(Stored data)
-*-

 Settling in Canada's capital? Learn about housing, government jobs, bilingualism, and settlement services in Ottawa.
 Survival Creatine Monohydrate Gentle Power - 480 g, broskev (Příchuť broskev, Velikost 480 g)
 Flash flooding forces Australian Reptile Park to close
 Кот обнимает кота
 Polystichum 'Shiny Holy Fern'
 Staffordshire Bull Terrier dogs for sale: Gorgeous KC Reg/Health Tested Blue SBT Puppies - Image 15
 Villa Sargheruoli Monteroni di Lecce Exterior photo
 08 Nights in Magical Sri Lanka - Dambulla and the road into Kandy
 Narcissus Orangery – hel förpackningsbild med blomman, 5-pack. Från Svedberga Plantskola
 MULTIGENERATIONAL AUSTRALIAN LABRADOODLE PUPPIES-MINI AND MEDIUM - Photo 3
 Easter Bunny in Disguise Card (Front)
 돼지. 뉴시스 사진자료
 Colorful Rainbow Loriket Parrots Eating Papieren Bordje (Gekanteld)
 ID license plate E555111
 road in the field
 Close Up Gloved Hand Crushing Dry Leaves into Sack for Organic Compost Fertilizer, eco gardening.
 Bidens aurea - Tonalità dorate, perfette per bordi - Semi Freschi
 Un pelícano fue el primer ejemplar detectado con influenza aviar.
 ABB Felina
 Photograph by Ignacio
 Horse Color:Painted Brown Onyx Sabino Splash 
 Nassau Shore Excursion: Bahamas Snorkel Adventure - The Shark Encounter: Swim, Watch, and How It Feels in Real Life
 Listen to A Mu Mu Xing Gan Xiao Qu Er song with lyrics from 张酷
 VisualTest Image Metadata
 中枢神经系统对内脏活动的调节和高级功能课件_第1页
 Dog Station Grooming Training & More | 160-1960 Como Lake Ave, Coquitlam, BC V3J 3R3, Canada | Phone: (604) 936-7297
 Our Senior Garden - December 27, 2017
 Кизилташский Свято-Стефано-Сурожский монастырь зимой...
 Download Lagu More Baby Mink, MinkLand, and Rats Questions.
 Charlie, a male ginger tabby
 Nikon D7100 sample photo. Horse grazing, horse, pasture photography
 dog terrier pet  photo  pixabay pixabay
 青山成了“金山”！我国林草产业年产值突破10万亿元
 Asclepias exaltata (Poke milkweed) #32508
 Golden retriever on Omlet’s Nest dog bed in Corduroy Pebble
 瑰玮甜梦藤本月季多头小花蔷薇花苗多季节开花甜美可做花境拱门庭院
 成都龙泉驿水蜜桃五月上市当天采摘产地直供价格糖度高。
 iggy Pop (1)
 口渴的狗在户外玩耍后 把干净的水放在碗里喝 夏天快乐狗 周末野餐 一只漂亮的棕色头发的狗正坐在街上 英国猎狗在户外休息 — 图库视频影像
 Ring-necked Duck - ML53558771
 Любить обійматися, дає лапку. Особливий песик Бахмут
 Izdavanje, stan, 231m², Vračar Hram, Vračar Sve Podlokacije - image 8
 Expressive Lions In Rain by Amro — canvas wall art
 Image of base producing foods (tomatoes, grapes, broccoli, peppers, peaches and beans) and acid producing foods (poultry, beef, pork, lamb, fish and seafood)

-*-

The problem ▸ Transcribe the lines above between the line holding "Easter Bunny in Disguise Card (Front)" and the line holding "Photograph by Ignacio", inclusive, exactly as they stand and with nothing added.

Task answer ▸
 Easter Bunny in Disguise Card (Front)
 돼지. 뉴시스 사진자료
 Colorful Rainbow Loriket Parrots Eating Papieren Bordje (Gekanteld)
 ID license plate E555111
 road in the field
 Close Up Gloved Hand Crushing Dry Leaves into Sack for Organic Compost Fertilizer, eco gardening.
 Bidens aurea - Tonalità dorate, perfette per bordi - Semi Freschi
 Un pelícano fue el primer ejemplar detectado con influenza aviar.
 ABB Felina
 Photograph by Ignacio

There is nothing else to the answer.